Wednesday, April 27, 2011

More from The Last Kingdom

It's like porn for history nerds and Anglophiles.

The subject today is the town of Gyruum, now called Jarrow on the northeast coast of Britain. The first monastery was founded there in 674, per the Cornwell reader blog. The Venerable Bede wrote his history of the English Church there, finishing around 731.

The blog mentions the monastery was destroyed by the Vikings around 860 which doesn't totally jive with the books dates (It's off by around 8 or 10 years?) But why quibble? It would take some doing to dig into the minutiae of this event and Cornwell clearly has done a lot of research. At any rate, Ragnar and company return from conquering East Anglia (leaving Alfred's Wessex the only sovereign English kingdom left) to quell some civil unrest in York, their home turf. Take it away, Bernard:

It seemed six Danes, all of them masterless men, had gone to Gyruum and demanded to see the monastery's treasury and, when the monks claimed to be penniless, the six had started killing, but the monks and fought back and, as there were over a score of monks, and as they were helped by some men from the town, they succeeded in killing the six Danes who had been spitted on posts and left to rot on the foreshore. Thus far, as Ragnar admitted, the fault lay with the Danes, but the monks, encouraged by this slaughter, had marched west up the river Tine, and attacked a Danish settlement...

And there, people were tortured and killed in what the monks had decided was now a holy war. Women were raped by monks while nuns cheered them on. Ok, the Danes are doing the same shit themselves but I love this cheeky history for pointing out the Church proper was often (or never) any better than their opponents. As retribution, Ragnar finds out where the biggest monasteries and convents in the area are and his men burn them to the ground and rape and pillage, etc. Which all leads to this funny coda from Uhtred:

The tale is still told as evidence of Danish ferocity and untrustworthiness, indeed every English child is told the story of the nuns who cut their faces to the bone so that they would be too ugly to rape...I remember one Easter listening to a sermon about the nuns, and it was all I could do not to interrupt and say that it had not happened as the priest described. The priest claimed that the Danes had promised no monk or nun would ever be hurt in Northumbria, and that was not true, and he claimed that where was no cause for the massacres, which was equally false, and then he told a marvelous tale how the nuns had prayed and God had placed an invisible curtain at the nunnery gate, and the Danes had pushed against the curtain and could not pierce it, and I was wondering why, if the nuns had this invisible shield, they had bothered to scar themselves, but they must have known how the story would end, because the Danes were supposed to have fetched a score of small children from the nearby village and threatened to cut their throats unless the curtain was lifted, which it was.

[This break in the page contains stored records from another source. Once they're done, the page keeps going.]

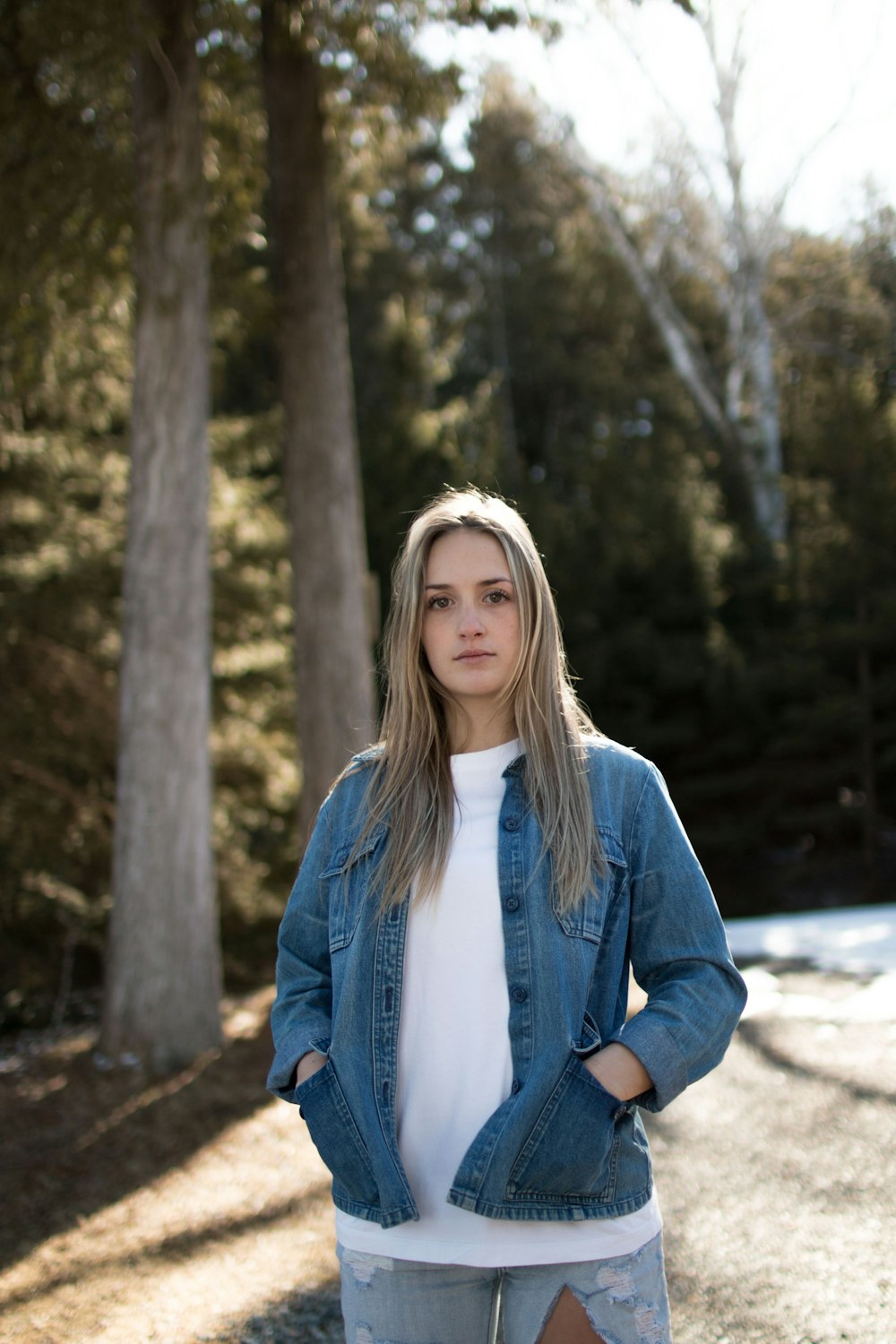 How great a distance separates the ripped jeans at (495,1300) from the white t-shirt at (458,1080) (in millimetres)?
22

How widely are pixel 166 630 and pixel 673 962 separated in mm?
4935

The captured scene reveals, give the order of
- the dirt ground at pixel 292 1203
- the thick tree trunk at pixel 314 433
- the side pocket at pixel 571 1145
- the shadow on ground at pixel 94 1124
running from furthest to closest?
the thick tree trunk at pixel 314 433, the shadow on ground at pixel 94 1124, the dirt ground at pixel 292 1203, the side pocket at pixel 571 1145

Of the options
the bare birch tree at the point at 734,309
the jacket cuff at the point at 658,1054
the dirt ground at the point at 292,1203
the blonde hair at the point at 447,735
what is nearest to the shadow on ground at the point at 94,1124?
the dirt ground at the point at 292,1203

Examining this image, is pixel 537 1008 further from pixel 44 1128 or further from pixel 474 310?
pixel 474 310

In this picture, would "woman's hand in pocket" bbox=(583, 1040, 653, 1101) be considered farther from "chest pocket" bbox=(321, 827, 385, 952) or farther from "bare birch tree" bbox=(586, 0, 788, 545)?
"bare birch tree" bbox=(586, 0, 788, 545)

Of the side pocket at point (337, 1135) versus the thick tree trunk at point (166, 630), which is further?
the thick tree trunk at point (166, 630)

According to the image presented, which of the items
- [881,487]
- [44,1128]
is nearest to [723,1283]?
[44,1128]

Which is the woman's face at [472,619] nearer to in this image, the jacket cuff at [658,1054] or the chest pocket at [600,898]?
the chest pocket at [600,898]

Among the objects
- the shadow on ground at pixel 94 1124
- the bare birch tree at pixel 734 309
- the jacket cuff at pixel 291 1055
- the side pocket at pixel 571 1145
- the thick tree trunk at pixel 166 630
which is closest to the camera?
the side pocket at pixel 571 1145

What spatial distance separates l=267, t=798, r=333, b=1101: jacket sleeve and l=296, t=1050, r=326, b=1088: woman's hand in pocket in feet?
0.17

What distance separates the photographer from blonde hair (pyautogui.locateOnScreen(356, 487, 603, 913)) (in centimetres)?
182

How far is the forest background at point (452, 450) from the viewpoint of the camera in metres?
7.27

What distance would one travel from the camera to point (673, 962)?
1.80m

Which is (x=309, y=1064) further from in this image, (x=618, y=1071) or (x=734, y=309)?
(x=734, y=309) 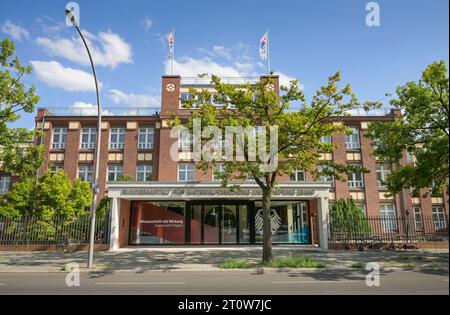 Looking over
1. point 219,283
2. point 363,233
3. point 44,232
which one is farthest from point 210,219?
point 219,283

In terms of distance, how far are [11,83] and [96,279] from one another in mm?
13557

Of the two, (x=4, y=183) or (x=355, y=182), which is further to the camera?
(x=4, y=183)

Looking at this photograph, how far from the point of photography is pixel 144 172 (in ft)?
107

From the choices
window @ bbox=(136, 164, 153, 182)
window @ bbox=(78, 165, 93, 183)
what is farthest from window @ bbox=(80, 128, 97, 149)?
window @ bbox=(136, 164, 153, 182)

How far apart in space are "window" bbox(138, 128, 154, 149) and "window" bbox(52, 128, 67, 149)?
8071mm

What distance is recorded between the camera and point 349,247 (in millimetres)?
20156

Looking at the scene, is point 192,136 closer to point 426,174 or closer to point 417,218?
point 426,174

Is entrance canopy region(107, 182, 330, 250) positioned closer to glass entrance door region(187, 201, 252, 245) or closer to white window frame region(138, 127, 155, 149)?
glass entrance door region(187, 201, 252, 245)

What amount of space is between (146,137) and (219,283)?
25917mm

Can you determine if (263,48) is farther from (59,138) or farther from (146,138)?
(59,138)

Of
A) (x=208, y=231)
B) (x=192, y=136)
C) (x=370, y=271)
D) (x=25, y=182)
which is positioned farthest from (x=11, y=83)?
(x=370, y=271)

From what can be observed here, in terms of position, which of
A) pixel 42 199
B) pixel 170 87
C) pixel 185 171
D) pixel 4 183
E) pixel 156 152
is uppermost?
pixel 170 87

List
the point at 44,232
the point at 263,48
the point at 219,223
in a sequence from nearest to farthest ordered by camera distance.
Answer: the point at 44,232
the point at 219,223
the point at 263,48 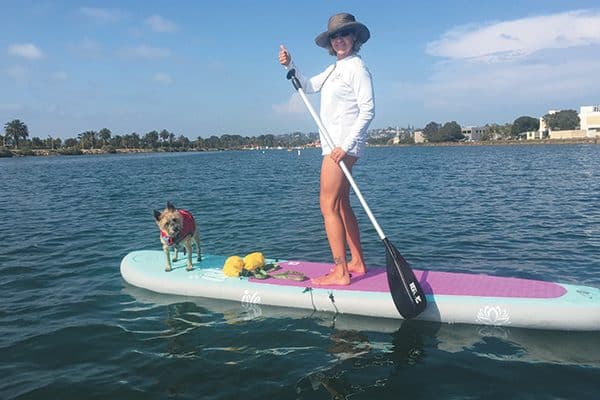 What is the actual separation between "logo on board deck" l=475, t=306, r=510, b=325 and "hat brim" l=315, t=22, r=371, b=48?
13.2ft

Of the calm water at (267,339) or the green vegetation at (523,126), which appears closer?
the calm water at (267,339)

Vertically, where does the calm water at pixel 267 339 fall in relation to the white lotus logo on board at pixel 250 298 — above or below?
below

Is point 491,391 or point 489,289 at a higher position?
point 489,289

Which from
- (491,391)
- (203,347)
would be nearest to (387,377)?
(491,391)

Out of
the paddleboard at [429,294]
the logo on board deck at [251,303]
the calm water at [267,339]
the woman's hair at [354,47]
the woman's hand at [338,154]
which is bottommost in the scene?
the calm water at [267,339]

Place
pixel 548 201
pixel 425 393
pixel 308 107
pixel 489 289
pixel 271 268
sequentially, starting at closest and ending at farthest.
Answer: pixel 425 393, pixel 489 289, pixel 308 107, pixel 271 268, pixel 548 201

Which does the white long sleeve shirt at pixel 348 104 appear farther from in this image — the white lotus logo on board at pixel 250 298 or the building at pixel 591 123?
the building at pixel 591 123

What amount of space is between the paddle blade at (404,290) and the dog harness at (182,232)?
12.0 feet

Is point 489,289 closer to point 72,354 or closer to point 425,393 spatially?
point 425,393

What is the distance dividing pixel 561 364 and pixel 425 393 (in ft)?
5.53

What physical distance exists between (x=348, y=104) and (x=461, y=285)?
304 cm

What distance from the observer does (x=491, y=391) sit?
464 cm

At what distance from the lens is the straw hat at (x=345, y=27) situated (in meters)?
6.21

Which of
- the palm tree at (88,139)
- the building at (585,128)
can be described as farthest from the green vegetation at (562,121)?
the palm tree at (88,139) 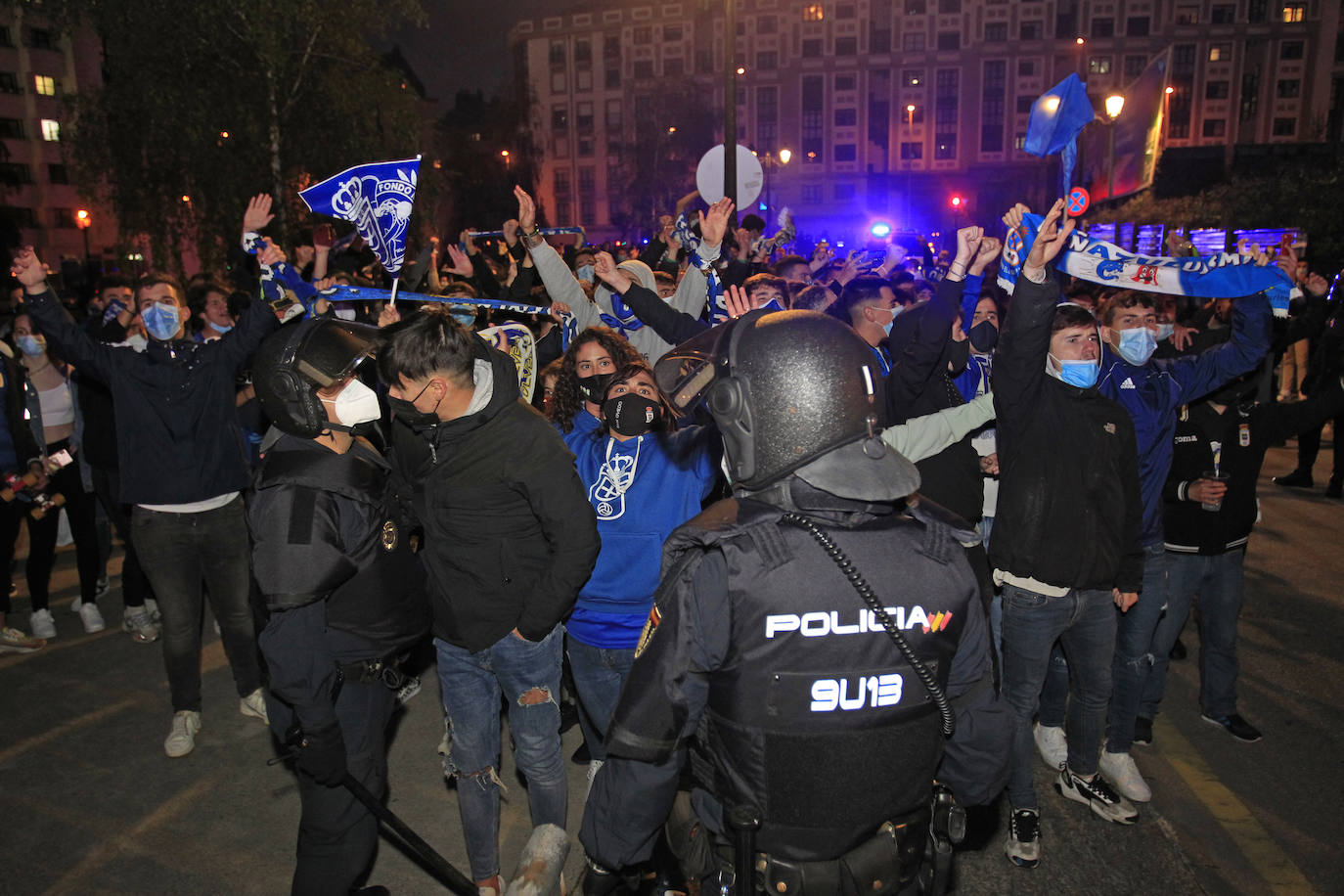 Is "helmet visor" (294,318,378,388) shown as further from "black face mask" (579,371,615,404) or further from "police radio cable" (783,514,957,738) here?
"police radio cable" (783,514,957,738)

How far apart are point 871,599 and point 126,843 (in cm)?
398

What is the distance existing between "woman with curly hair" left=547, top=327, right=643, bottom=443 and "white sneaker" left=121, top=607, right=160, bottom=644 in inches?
170

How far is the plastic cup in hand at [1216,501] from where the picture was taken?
438 centimetres

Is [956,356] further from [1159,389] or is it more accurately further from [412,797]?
[412,797]

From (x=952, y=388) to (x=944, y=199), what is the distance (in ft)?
239

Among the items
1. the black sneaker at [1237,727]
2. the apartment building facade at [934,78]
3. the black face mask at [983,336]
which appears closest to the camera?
the black sneaker at [1237,727]

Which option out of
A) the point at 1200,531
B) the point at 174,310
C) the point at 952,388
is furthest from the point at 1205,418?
the point at 174,310

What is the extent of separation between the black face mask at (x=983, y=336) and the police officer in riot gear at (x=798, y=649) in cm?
420

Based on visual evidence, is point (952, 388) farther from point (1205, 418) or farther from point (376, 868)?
point (376, 868)

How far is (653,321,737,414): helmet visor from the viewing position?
83.2 inches

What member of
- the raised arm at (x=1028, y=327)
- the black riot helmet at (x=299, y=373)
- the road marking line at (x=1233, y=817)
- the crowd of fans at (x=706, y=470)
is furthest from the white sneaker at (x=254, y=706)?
the road marking line at (x=1233, y=817)

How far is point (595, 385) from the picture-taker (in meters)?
3.89

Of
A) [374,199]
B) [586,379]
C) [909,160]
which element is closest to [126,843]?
[586,379]

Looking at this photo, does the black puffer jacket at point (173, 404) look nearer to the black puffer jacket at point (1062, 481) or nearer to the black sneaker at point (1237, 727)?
the black puffer jacket at point (1062, 481) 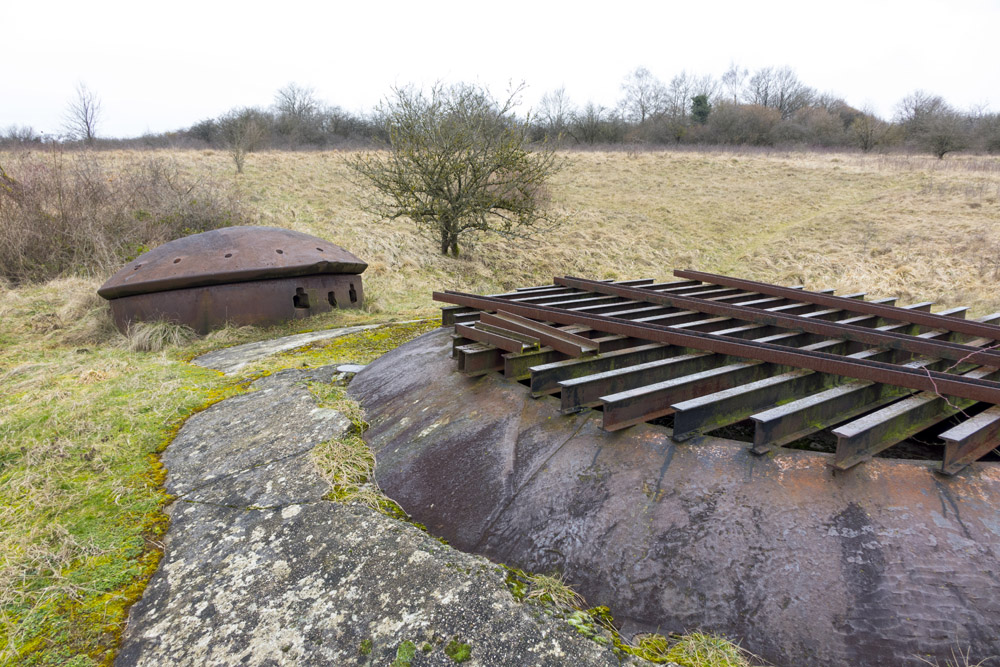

None of that happened. We arrived, they screamed, the young ones were raped, and then they died...Still priests have never been great men for the truth and I kept quiet, which was just as well.

(disclaimer: Needless to say, I do not endorse rape, murder and pillaging in general and certainly not against monks and nuns.)


One of the recurring themes in the book is the Danes' befuddlement at Christianity. There is another great scene where Edmund of East Anglia surrenders to the Danes but demands they be baptized and become Christian as a condition of his surrender which the translator conflated with "washing" which confused the Danish side. Ivar finally understands with Uhtred's help and having asked earlier about a picture of the martyrdom of Saint Sebastian says he will agree to become Christian if Edmund, too, can live after being pierced by arrows. Ivar isn't even being cruel here, he genuinely wants to know. And it's logical, really. If the English god can protect you from arrows, it's worth switching sides or adding him to your pantheon at least. Edmund, the poor schmuck, agrees when he realizes he's talked himself into a corner and Ivar and his men shoot him with arrows. The results were predictable. As to the fate of the real Edmund, it's not clear. Also predictable, he's considered a martyr too.

It's a famous subject in Renaissance art, the Sebastian story. Like many a tale of Catholic miracles, it's rather anti-climactic since he after the arrows didn't work, the Romans allegedly clubbed him to death.

Here is Sebastian, in happier times:

As always, the loincloth is holding on just enough to spare us pubes.